“The passage we have now read begins one of the most interesting portions of St. John’s Gospel. For five consecutive chapters we find the Evangelist recording matters which are not mentioned by Matthew, Mark, and Luke.
We can never be thankful enough that the Holy Ghost has caused them to be written for our learning! In every age the contents of these chapters have been justly regarded as one of the most precious parts of the Bible.
They have been the meat and drink, the strength and comfort of all true-hearted Christians. Let us ever approach them with peculiar reverence. The place whereon we stand is holy ground.
We learn, for one thing, from these verses, what patient and continuing love there is in Christ’s heart towards His people. It is written that “having loved His own which were in the world, He loved them unto the end.” (John 13:1)
Knowing perfectly well that they were about to forsake Him shamefully in a very few hours, in full view of their approaching display of weakness and infirmity, our blessed Master did not cease to have loving thoughts of His disciples.
He was not weary of them: He loved them to the last.
The love of Christ to sinners is the very essence and marrow of the Gospel.

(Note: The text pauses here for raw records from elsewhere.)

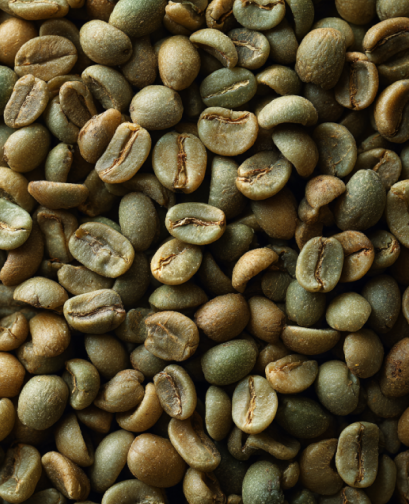 Close-up of green coffee beans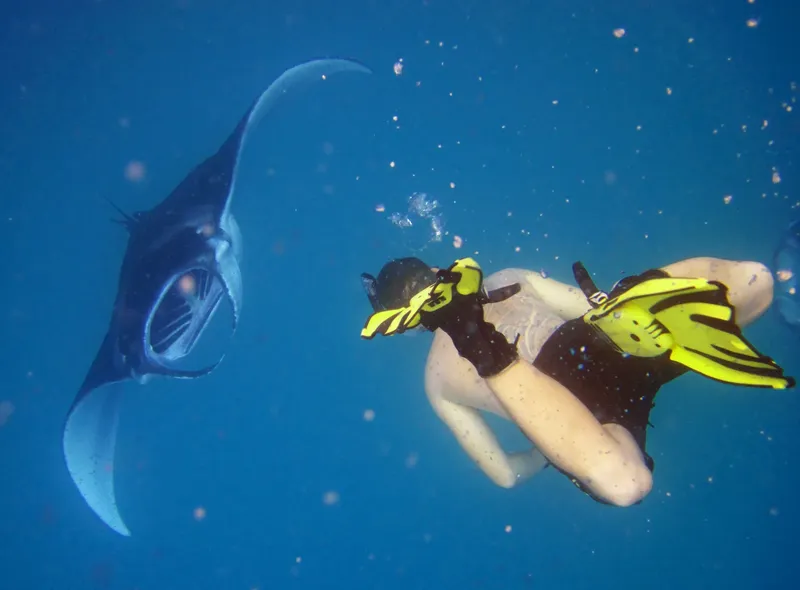 Plongeuse nageant avec une raie manta dans une eau bleue claire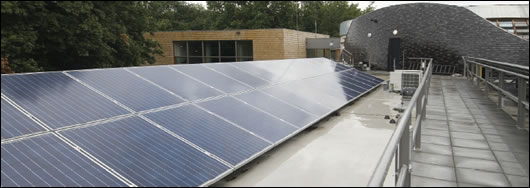 0306-wwfnetherlandsHQ7.jpg 0306-wwfnetherlandsHQ7.jpg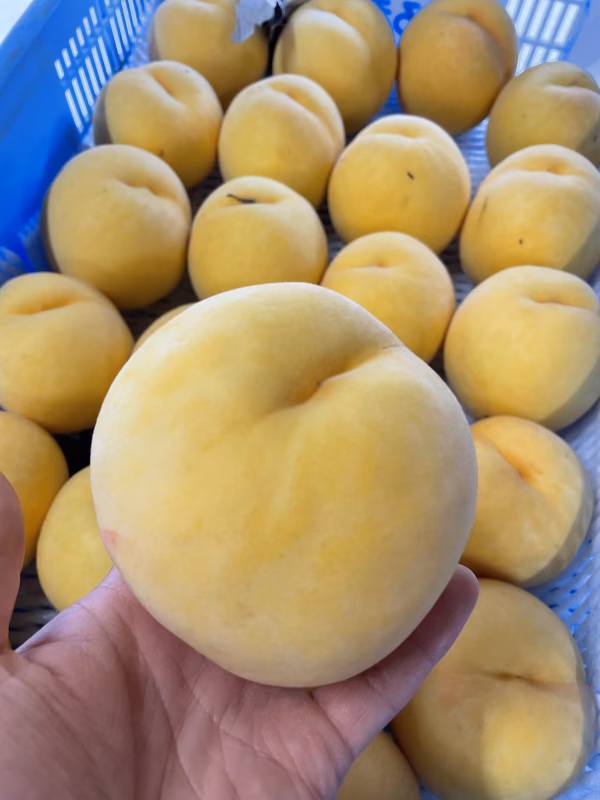 【新品種‼️】黄美の月！　すぐ終わります！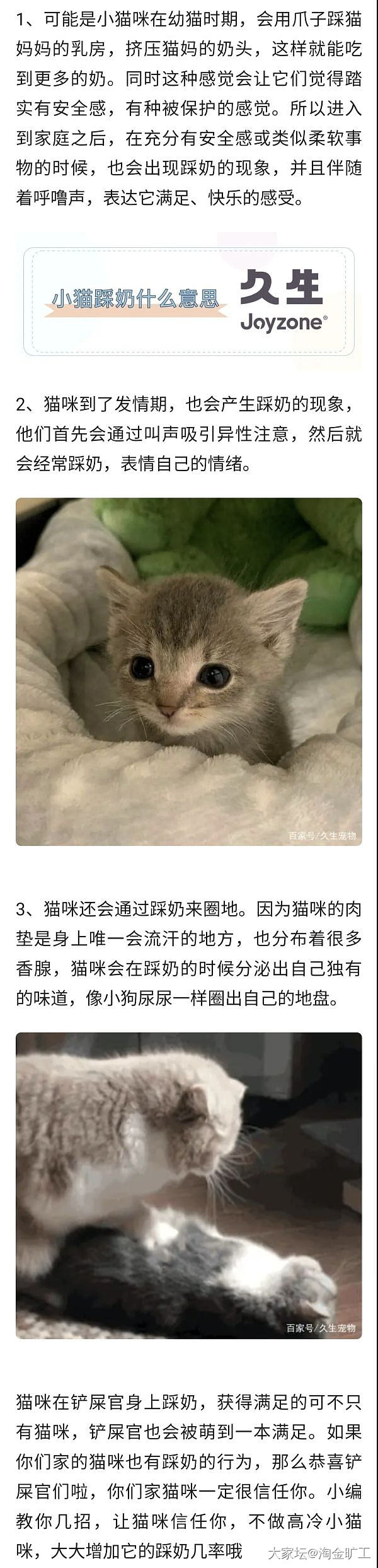 钢铁直男在线想妈妈了~_猫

That He should love us at all, and care for our souls,—that He should love us before we love Him, or even know anything about Him,—that He should love us so much as to come into the world to save us, take our nature on Him, bear our sins, and die for us on the cross,—all this is wonderful indeed!
It is a kind of love to which there is nothing like among men. The narrow selfishness of human nature cannot fully comprehend it.
It is one of those things which even the angels of God “desire to look into”. (1 Peter 1:12) It is a truth which Christian preachers and teachers should proclaim incessantly, and never be weary of proclaiming.
But the love of Christ to saints is no less wonderful, in its way, than His love to sinners, though far less considered.
That He should bear with all their countless infirmities from grace to glory,—that He should never be tired of their endless inconsistencies and petty provocations,—that He should go on forgiving and forgetting incessantly, and never be provoked to cast them off and give them up,—all this is marvellous indeed!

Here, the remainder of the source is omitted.